What is the composition and function of sterocilia in the epididymis?

Answer 76

Composition: apical cell protrusions connected by cytoplasmic bridges, made of actin filaments cross-linked by fimbrin and ezrin, also contains alpha-actinin

Function: facilitates absorption

Question 77

What is the composition and function of sterocilia in the inner ear?

Answer 77

Components: actin filaments cross-linked by espin, but no ezrin or alpha-actinin, treadmilling effect (actin monomers constantly added to tips and removed at base of stereocilia)

Function: sensory mechanoreceptors

Question 78

What is the location, structure, and function of motile cilia?

Answer 78

Location and function: tracheobroncial tree (sweep mucus and trapped particulates toward oropharynx to be swallowed), oviducts (help transport ova and fluid toward uterus), brain ependyma, olfactory epithelium, sperm cells (as flagella)

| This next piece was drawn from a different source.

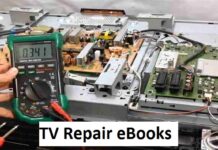 LED LCD TV Repair Book PDF Free Download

Structure: 9 + 2 axonemal organization w/ microtubule-associated motor proteins to induce ACTIVE motility

Question 79

What is the location, structure, and function of primary cilia?

Answer 79

Location: solitary projects on almost all eukaryotic cells

Structure: 9 + 0 axonemal arrangement

Function: immotile (passive movement), function as chemosensors, osmosensors, mechanosensors and mediate light sensation, odorant, and sound perception in multiple organs

Question 80

What is the location, structure, and functionf of nodal cilia?

Answer 80

Location: embryo on bilaminar embryonic disc at gastrulation, concentrated in area that surrounds primitive node

Structure: 9 + 0 axonemal arrangement w/ associatted motor proteins

Function: perform passive rotational movement, important in early embryonic development (generates left-right asymmetry of internal organs)

Question 81

What is the 9 + 2 axonemal pattern of arrangement?

Answer 81

Internal core of microtubules formed by 9 pairs (doublets) of circularly arranged microtubules surrounding 2 central microtubules

Dynein (microtubule-associated motor protein) “arms” on each doublet, uses ATP hydrolysis to move along surface of adjacent microtubule –> creates active movement

Question 82

What are basal bodies?

Answer 82

Modified centrioles that functions as microtubule organizing centers (MTOCs)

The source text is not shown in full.